We use the Ocular Response Analyzer (ORA) in a variety of clinical contexts.
It is important to understand the principles and parameters measured.
What's the point to evaluate the biomechanical properties of the cornea in clinical practice?
Management of glaucoma and corneal refractive surgery is the main field of the study of corneal biomechanics.
As part of the screening and follow-up of glaucomatous patients, it is important to better measure eye pressure, and understand the entangled mechanical factors that may vary the figures obtained with the classical tonometers.

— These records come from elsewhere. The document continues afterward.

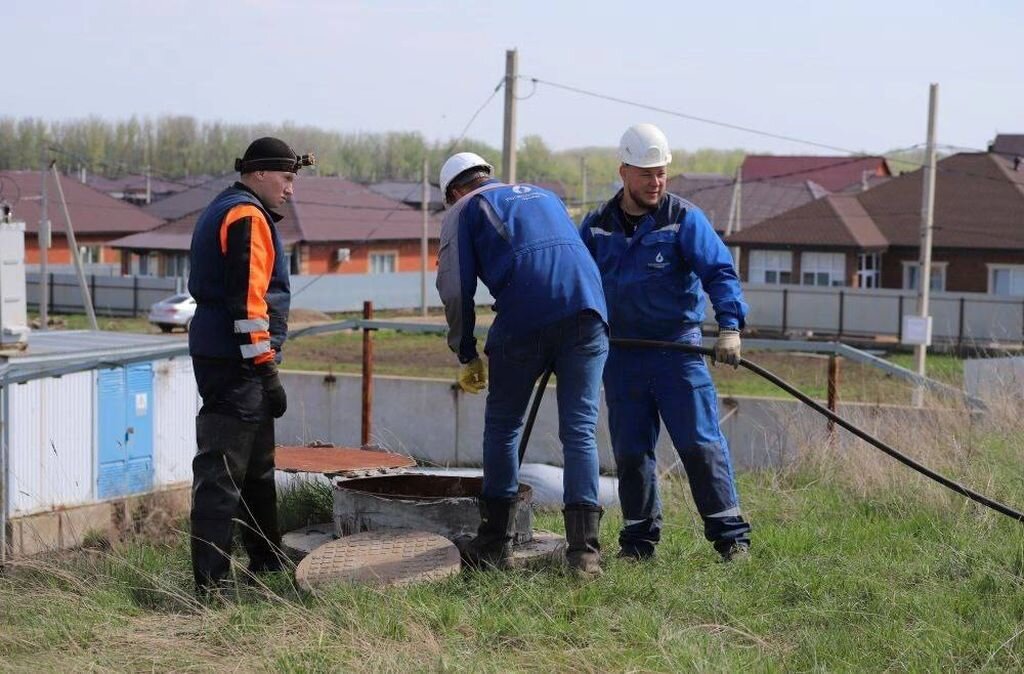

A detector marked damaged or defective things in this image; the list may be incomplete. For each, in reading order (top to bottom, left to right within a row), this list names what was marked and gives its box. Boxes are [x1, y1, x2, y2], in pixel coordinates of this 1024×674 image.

rusty metal cover [276, 444, 415, 475]
rusty metal cover [294, 528, 458, 585]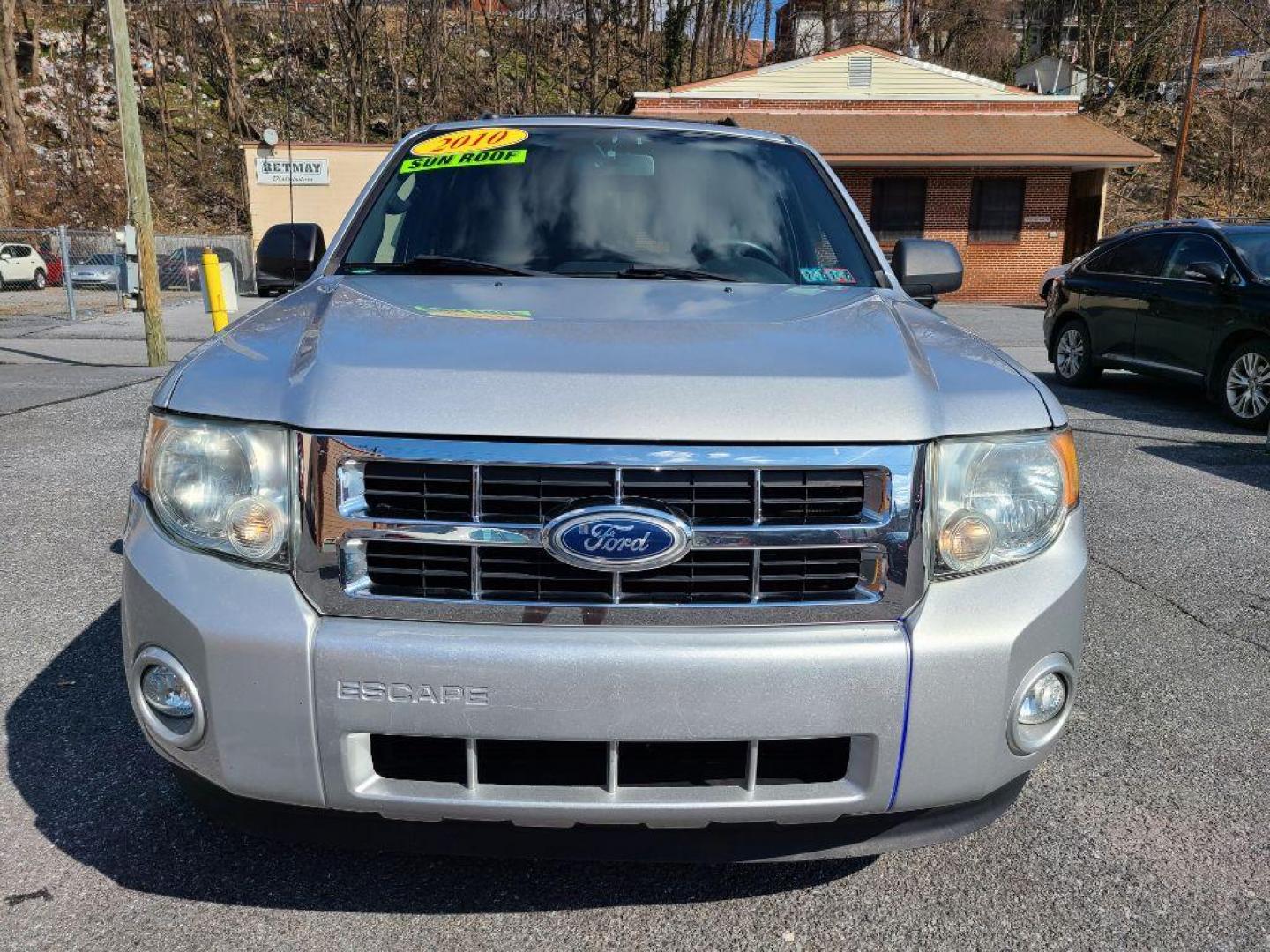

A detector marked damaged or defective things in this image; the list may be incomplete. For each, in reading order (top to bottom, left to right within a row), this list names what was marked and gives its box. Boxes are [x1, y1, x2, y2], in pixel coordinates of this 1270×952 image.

pavement crack [1081, 555, 1270, 659]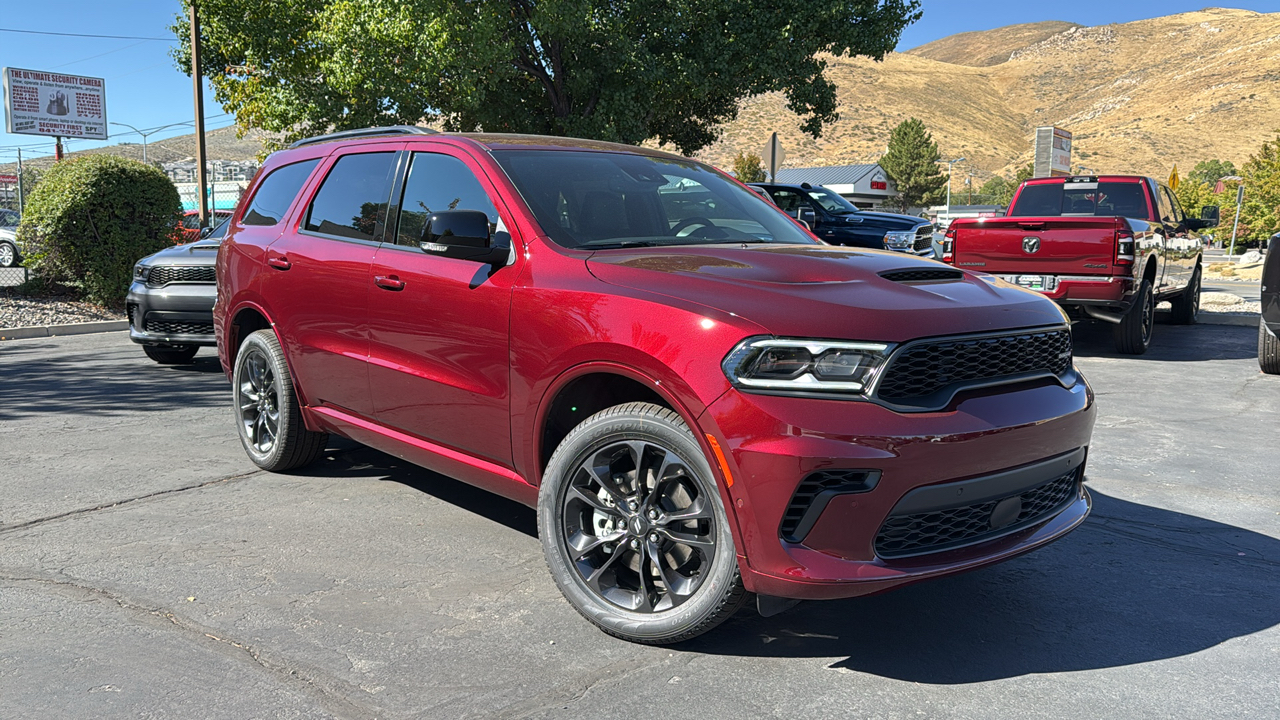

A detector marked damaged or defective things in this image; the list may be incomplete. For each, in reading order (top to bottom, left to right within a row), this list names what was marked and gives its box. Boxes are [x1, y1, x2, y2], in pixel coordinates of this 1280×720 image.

pavement crack [0, 466, 262, 532]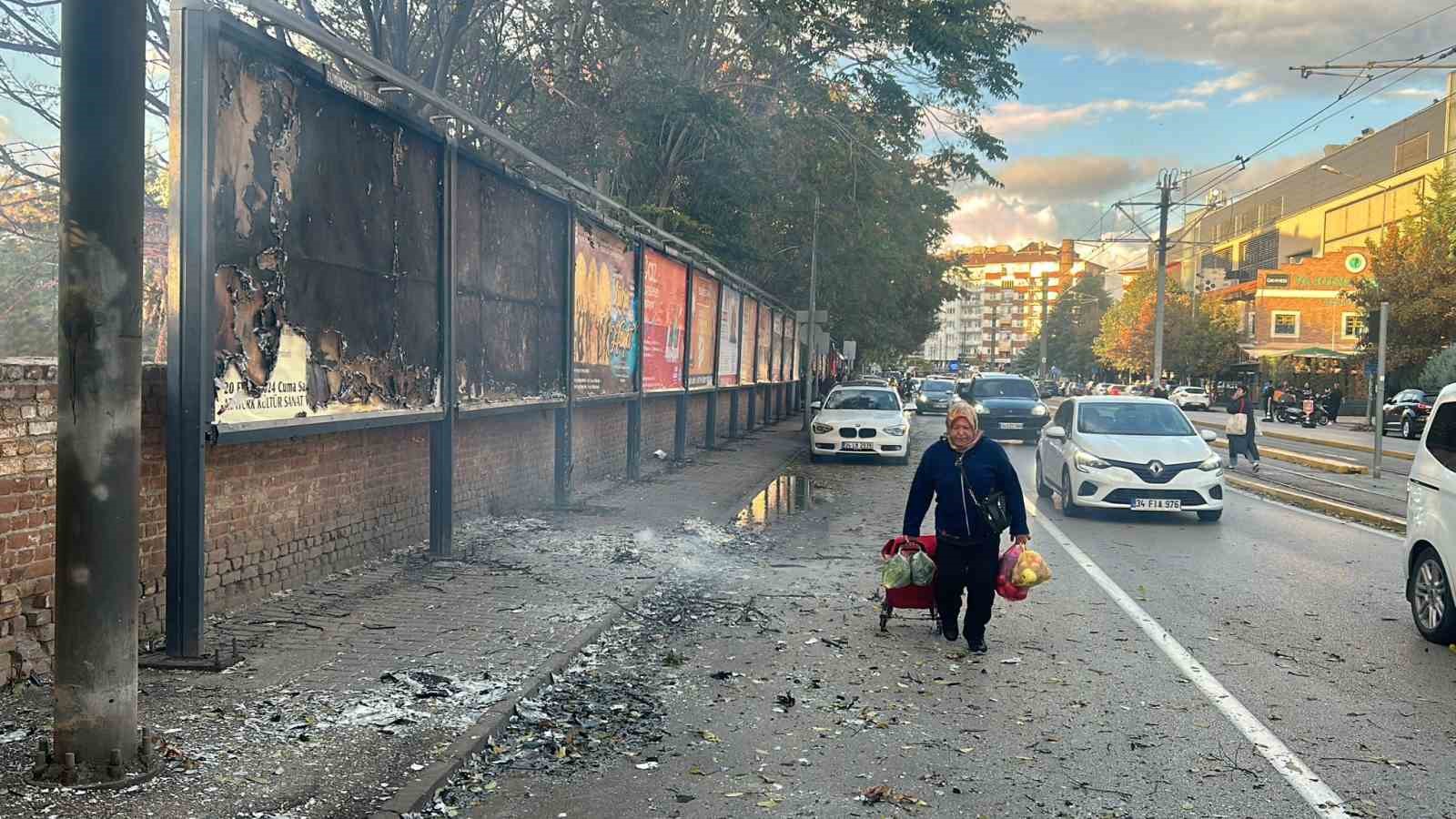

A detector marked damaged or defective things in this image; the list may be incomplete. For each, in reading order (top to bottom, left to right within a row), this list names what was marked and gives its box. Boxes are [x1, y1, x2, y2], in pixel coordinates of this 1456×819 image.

burned billboard [568, 218, 637, 393]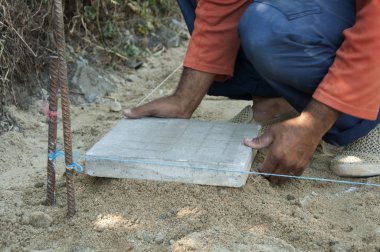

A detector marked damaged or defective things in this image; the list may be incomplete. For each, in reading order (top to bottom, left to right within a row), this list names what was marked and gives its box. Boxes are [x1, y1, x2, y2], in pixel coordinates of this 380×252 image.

rusty rebar stake [52, 0, 76, 218]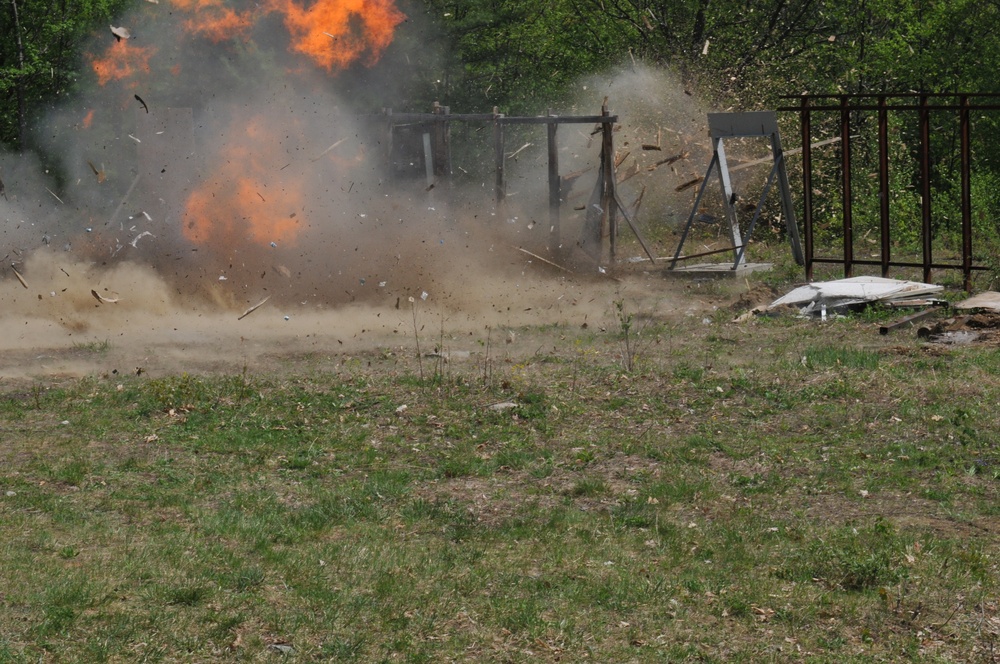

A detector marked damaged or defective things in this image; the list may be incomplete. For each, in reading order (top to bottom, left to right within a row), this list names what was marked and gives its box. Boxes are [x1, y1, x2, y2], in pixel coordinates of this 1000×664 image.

rusty metal post [548, 111, 564, 249]
rusty metal post [800, 95, 816, 278]
rusty metal post [840, 94, 856, 276]
rusty metal post [876, 96, 892, 278]
rusty metal post [916, 94, 932, 282]
rusty metal post [956, 96, 972, 290]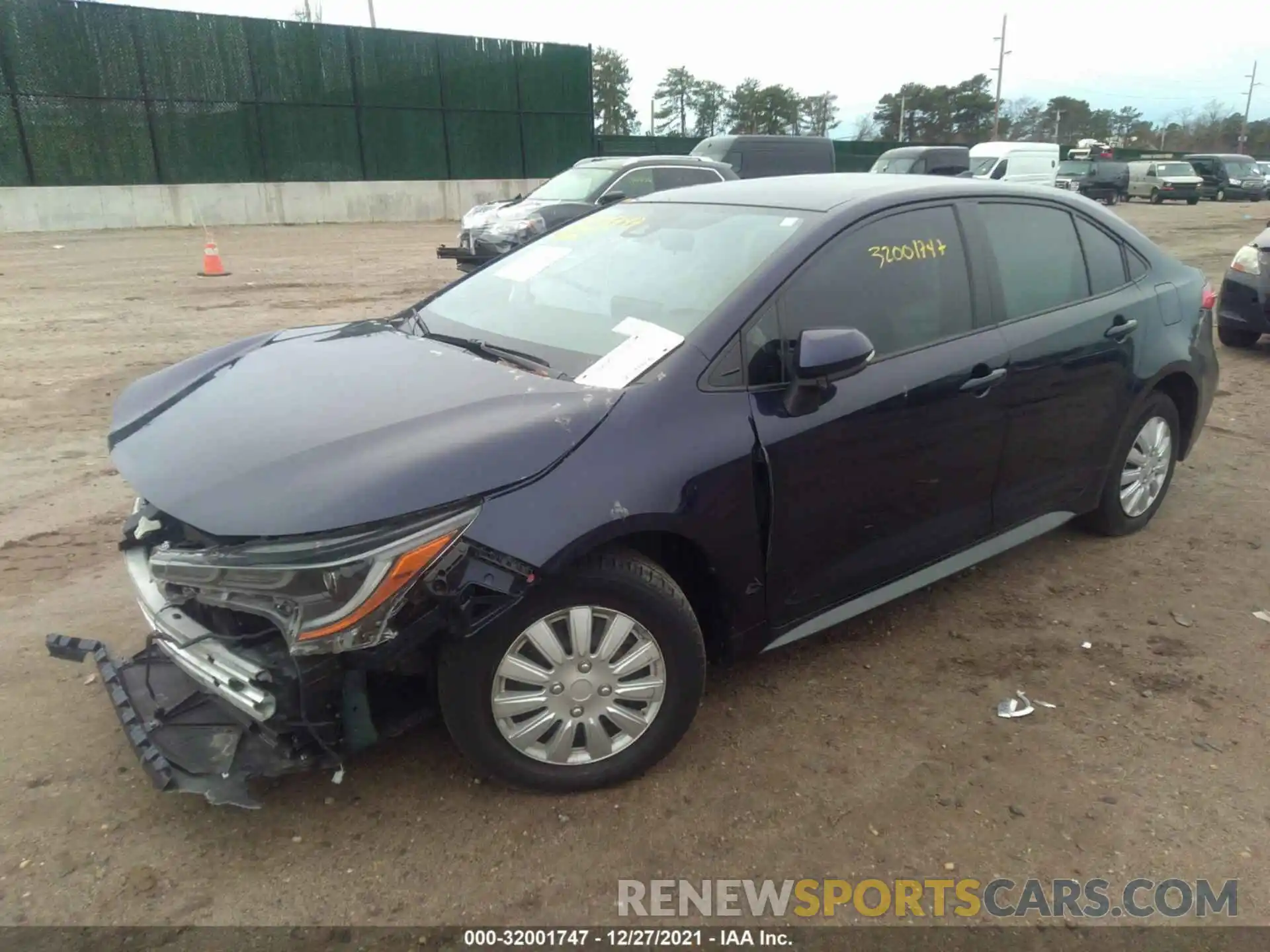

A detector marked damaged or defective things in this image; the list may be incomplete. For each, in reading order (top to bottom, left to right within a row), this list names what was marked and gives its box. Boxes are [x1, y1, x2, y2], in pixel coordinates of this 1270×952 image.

Ocular hypertension (HTO) is the most significant risk factor for glaucoma, and remains the only element whose treatment decreases the incidence and progression of glaucoma. The most commonly used method of measuring intra-ocular pressure (IOP) is that of the Goldmann tonometer, mounted on a slit lamp, based on the law of Fick. This law assumes that the internal pressure exerted on a thin-walled sphere is equal to the pressure necessary to flatten a small area of its wall. However, it has been shown that the corneal thickness has an influence on the measurement of IOP. Moreover, the consideration of the pachymetry (thickness) corneal is not sufficient to predict the mechanical characteristics of the corneal wall. The law of Fick is valid for perfectly elastic walls (zero hysteresis). Finally, this law applies to spheres of homogeneous resistance. However, the sclera and the cornea have varying thickness and stiffness depending on the subjects. Thus, the Goldmann Tonometer has been calibrated for a thickness of 525 µm and neglects the corneal viscosity. The reliability of the measurement with this type of ocular tonometry is therefore subject to a certain vagueness, all the more so because the cornea of the subject goes out of the simplified model proposed by Goldman.
(2) refractive surgery
The change of the optical power of the cornea caused by radial keratotomy (KR) was based on the induction of a modification of the biomechanical structure of the cornea (peripheral deep corneal incisions), without change in volume (absence of tissue subtraction). These incisions weakened biomechanically the periphery of the cornea, which the Center "membership" and is applatissait.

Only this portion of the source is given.